If you read our article about Leather Grades, you’ll know about the different quality grades of leathers. Now, we’ll take a closer look at the best two grades, i.e. full and top grain leather. It is important to know that not every leather grade is the same and that they might be quite different in terms of look, touch, and durability. Generally speaking, there are three grain leather categories: aniline, semi aniline, and pigmented/protected.

Aniline Leathers
This is the most natural type of leather which earned it the names Pure Aniline or Full Aniline. It is dyed with soluble dyes in vats so that the colour goes all the way through the hide giving the leather its lush and rich colour. In order to maintain the natural feel and look of the hide no protective coating or surface pigmentation is applied. Additionally, the leathers maintain their natural markings and texture which contributes to the authenticity of the leather. However, the lack of treatment might render the leathers more susceptible to scratching, staining, or fading and might show some colour variations on the surface of the hide.

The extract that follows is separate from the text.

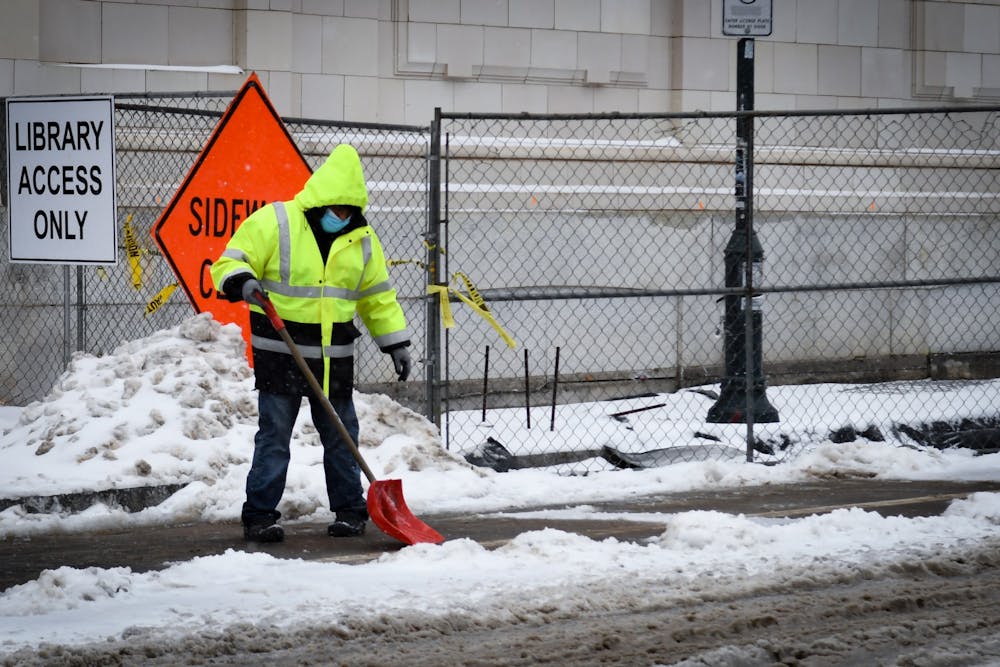 02-01-21-snow-day-penn-campus-locust-guard-shovel-sukhmani-kaur-002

Some aniline leathers are sanded of buffed to create an open nap; the result is called Nubuck. These leathers are the softest kind available and have a beautiful, almost velvety, feel. Yet, they are also the most susceptible to fading or staining due to the open nap.

Leather Grains 


Semi Aniline Leathers
First things first: In this case "semi" is actually a misnomer, as it does not mean partial. A more appropriate name for semi aniline leather would be aniline plus pigment due to the way it is created. The process starts the same way as for aniline leathers. However, whereas the treatment of full aniline stops after the dying, semi aniline leathers are further treated. So, after the leather is aniline dyed, a slight protective coating, which can contain some additional pigmentation, is applied to the top of the hide to guarantee a consistent colour. Due to the pigmented coating some blemishes will be concealed leaving a more uniform surface texture. Additional finishes can then be applied to the leather either by hand or by machine (e.g. antique looks or exotic leather optics). In the end, a clear protective coating is applied to make the leather stain repellent and sun resistant. The sheen of this coating can be adjusted to give a matte or glossy finish.

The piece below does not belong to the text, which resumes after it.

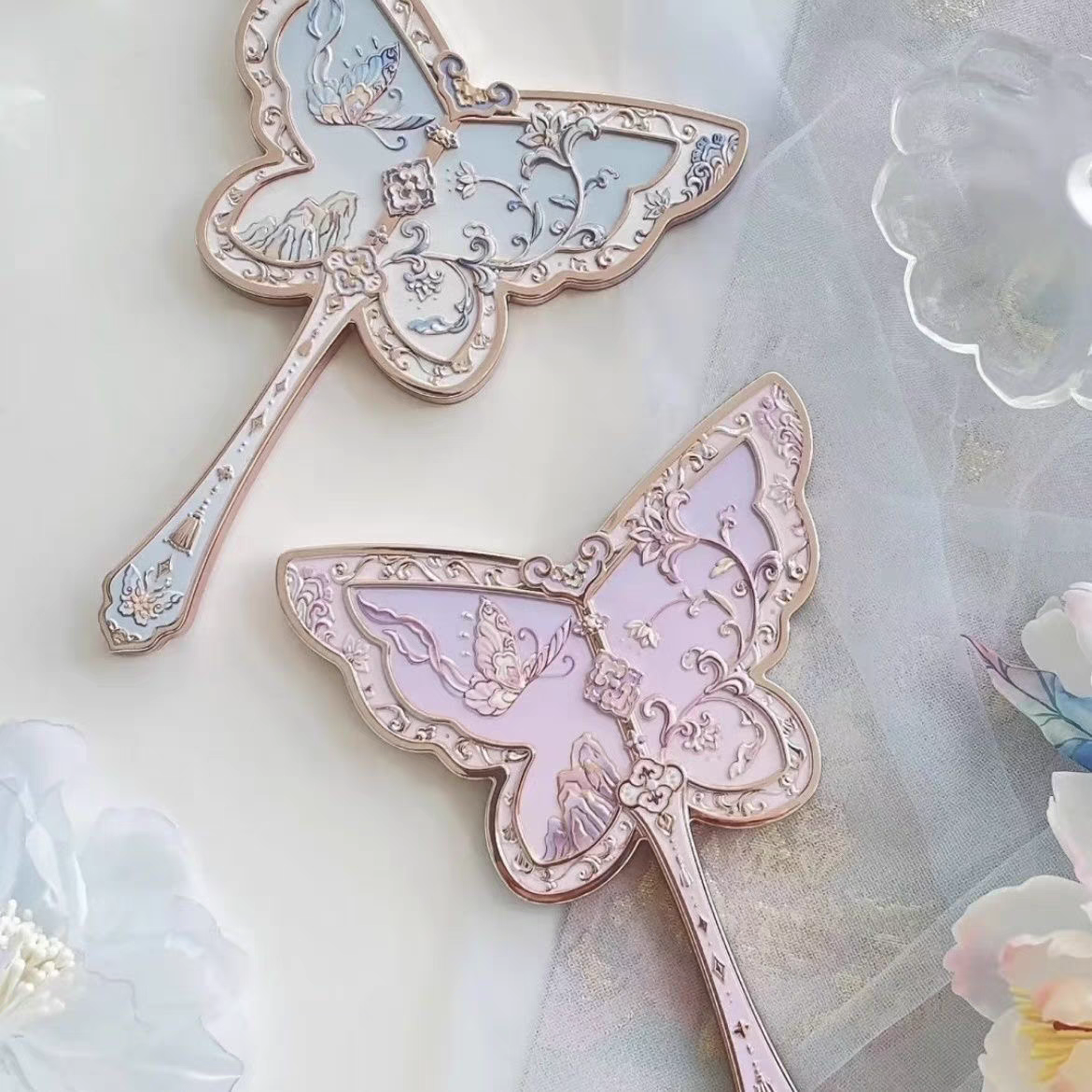 Flower knows Butterfly Cloud Shoulder Mirror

Pigmented/Protected Leathers
Just like the other two types above, it is dyed all the way through the hide. However, the surface is then coated with a heavy protective topcoat which includes pigmentation. Any kind of blemishes or imperfections are removed through buffing or sanding and then embossed with an artificial grain. At the expense of a deep rich colour and a luxurious feel, pigmented leathers are treated with spray coating which makes it more durable. Therefore, pigmented leathers are the least natural grain leather but also the most durable.

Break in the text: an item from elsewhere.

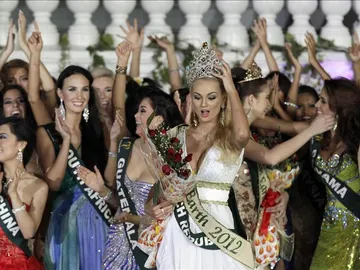 Una checa gana Miss Tierra 2012 Una checa gana Miss Tierra 2012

You need to keep in mind that all three types are very good leathers, as they are grain leathers, as opposed to split leathers. So, it really comes down to personal preference. If you care more about the authenticity and beauty of natural leathers, you should go with full or semi aniline. If your main concerns are durability and costs but you still want high-quality leathers, protected leathers are right for you. The bigger the surface area (bags, sofas etc.) the more important it is to know about grain leathers when trying to pick the right leather for your needs.